常連客に本を薦める柴田哲弥さん(奥)。このときは、好きな版元という筑摩書房の本が多かった=和歌山県新宮市熊野川町九重

 南紀白浜空港から車で1時間半。濃緑の山々の間を北山川沿いに走り、「bookcafe KUJU(ブックカフェ・クジュウ)」にたどり着いた。知る人ぞ知る秘境の書店だ。

 建物は廃校になった旧九重(くじゅう)小学校。壁に貼られた版画、机にいす……卒業生でなくても懐かしくなる。棚には、思想や映画の書籍、リトルプレスやZINE(ジン)と呼ばれる少部数の冊子などが並ぶ。

 店主の柴田哲弥さん(35)は和歌山市出身で、東京の大学院で地域活性化を学んだ。全国の過疎地を巡り、研究より現場での実践に魅力を感じて、2011年4月に移住してきた。

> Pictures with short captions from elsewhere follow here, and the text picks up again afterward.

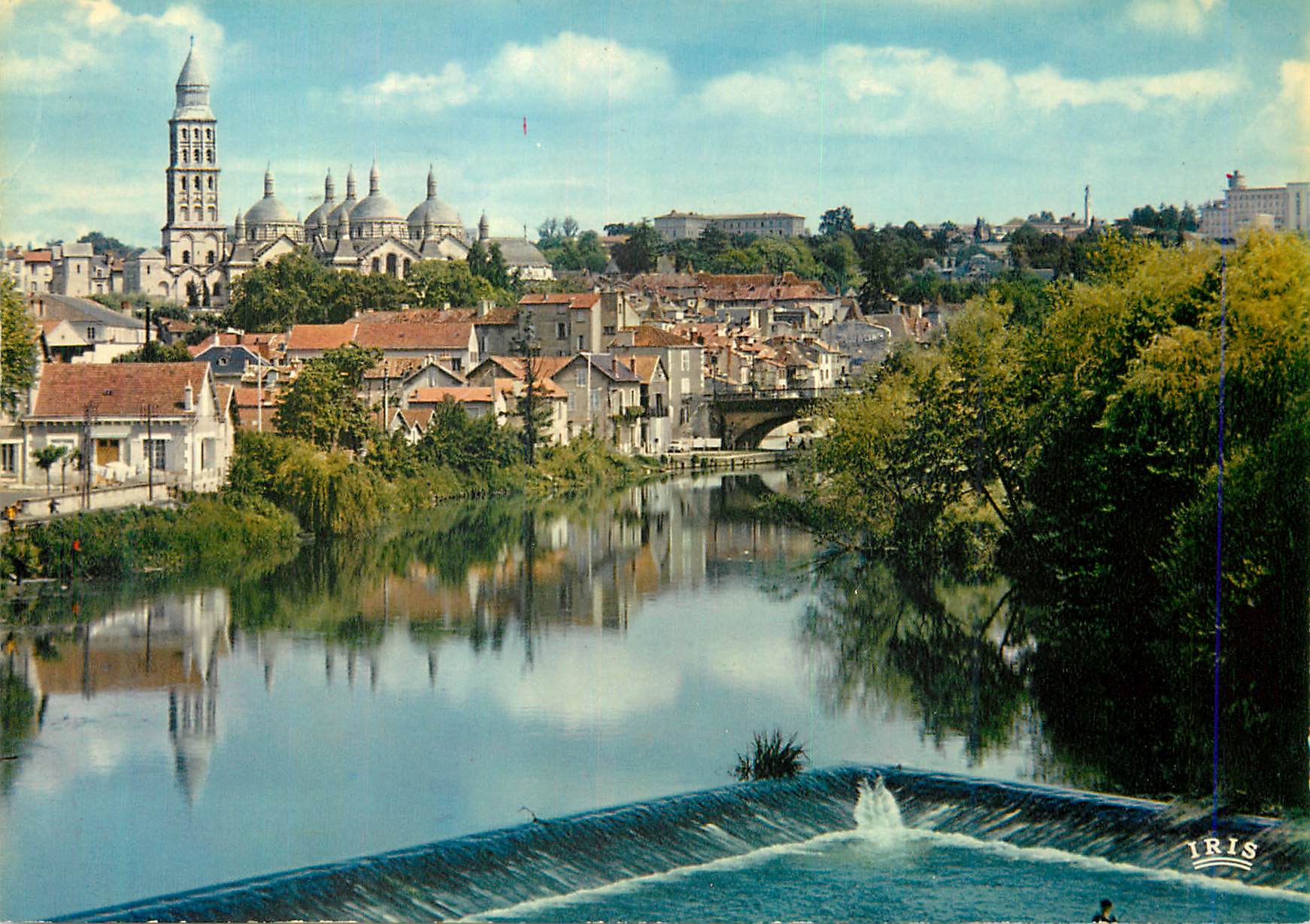 CPM Perigueux (Dordogne) Les Bords de l'Isle La Cathedrale Saint Front avec ses Cinq Coupoles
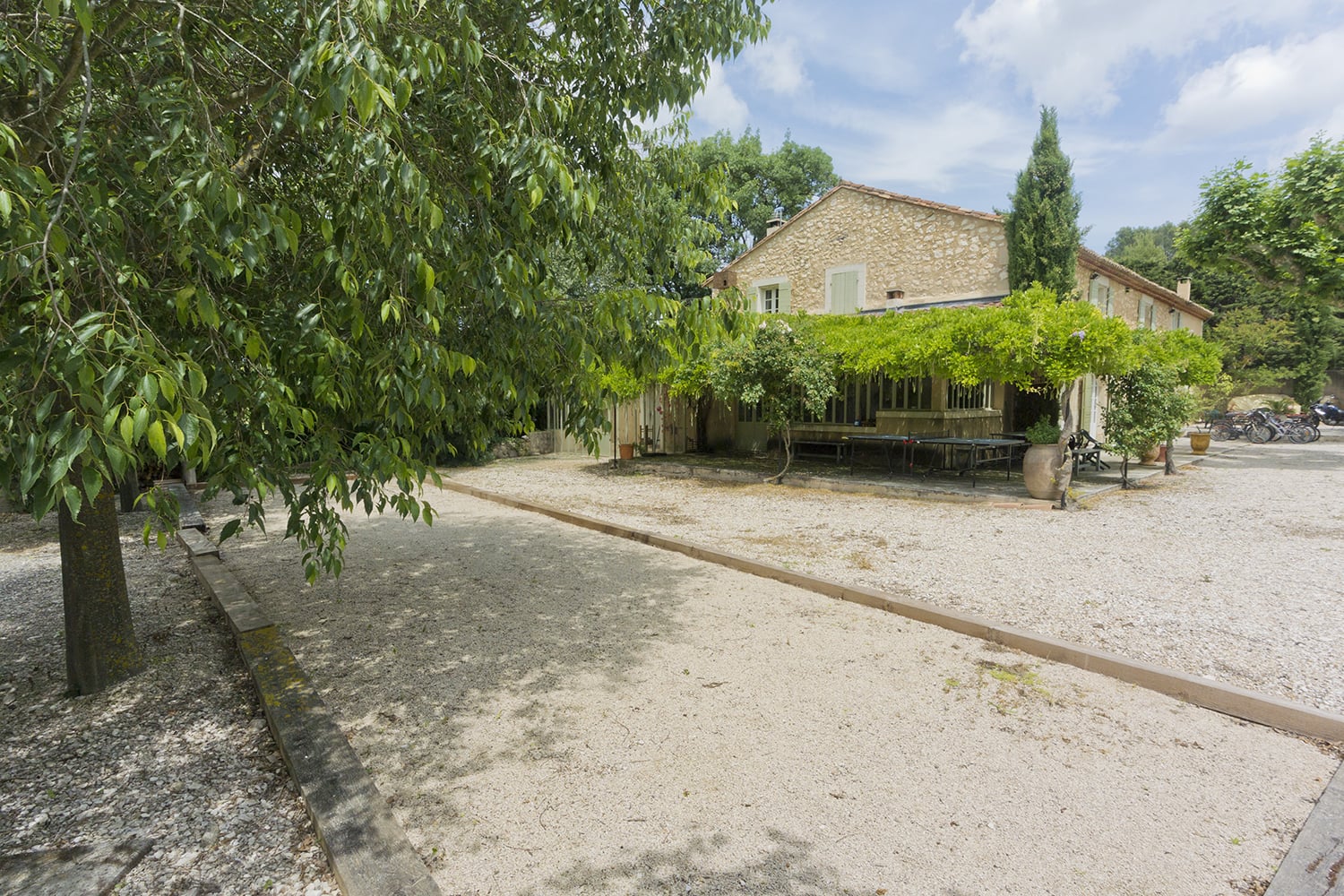 Boules court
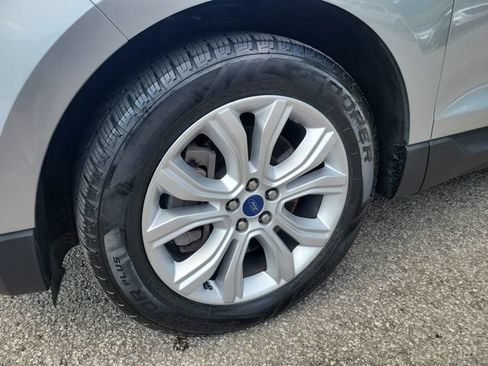 Used 2022 Ford Edge Titanium AWD/4WD image 5
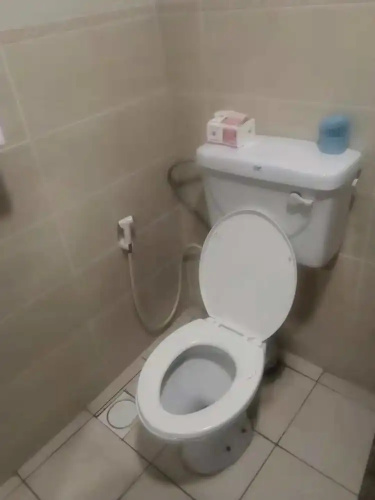 Esiya Hotel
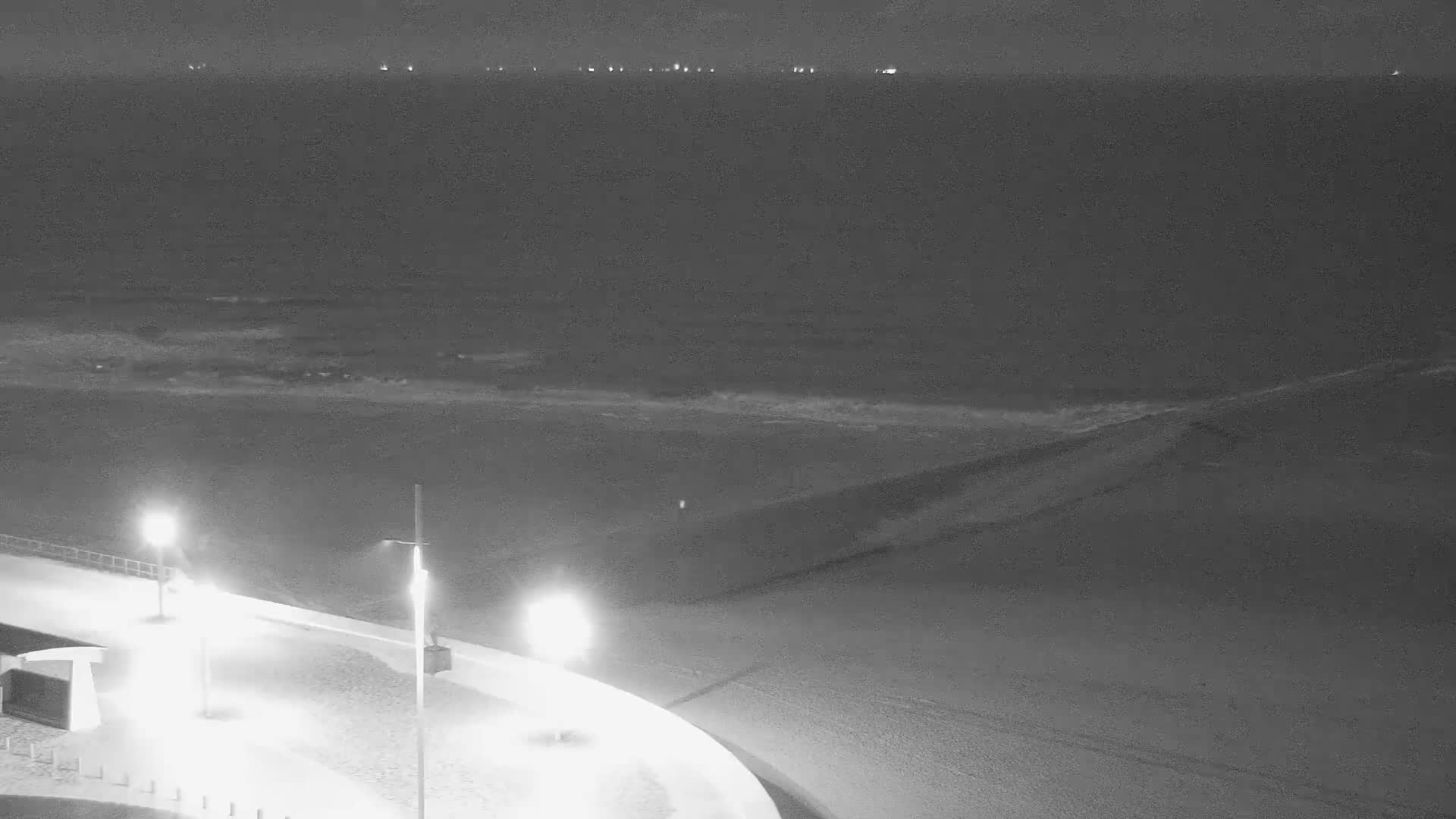 Wenduine, Strand van Wenduine Beach Live Cam - Ostend(Ostende), West Flanders (Flandre-Occidentale), Flemish (Flamande), Belgium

 その年の9月、台風12号による紀伊半島大水害が発生。05年に廃校になっていた校舎は床上2メートルまで浸水。一度は解体が決まったが、ボランティアの学生たちと泥をかき出し壁を貼り替え、被災から約2年後にカフェ、14年5月に京都の有名書店の協力を得て書店の営業を開始。今年から古書も始めた。

 校舎内にはパン店もあり、熊野古道の観光客やキャンプ客、移住者をはじめ、地元の高齢者、若いカップルなどと客層は幅広い。編み物やレシピなど生活に密着した本が人気だが、社会学や哲学の解説書も手に取る人が多い。

 「熊野の自然の中で、コーヒーを飲みながら本を読むのは格別です。わざわざ来てもらう価値はあると思う」。お店に来るのにかかった時間も、読書体験の一部なのだ。(滝沢文那)=朝日新聞2019年10月23日掲載

 ◇売れ筋
 ●『山で暮らす 愉(たの)しみと基本の技術』大内正伸著(農文協) 木の切り方や石垣の積み方などをイラスト、写真入りで解説。移住希望者に加え、地元の人にも人気。
 ●『岡本太郎の宇宙』全5巻 山下裕二、椹木野衣(さわらぎのい)、平野暁臣編(ちくま学芸文庫) 生誕100年を記念して作られた決定的著作集。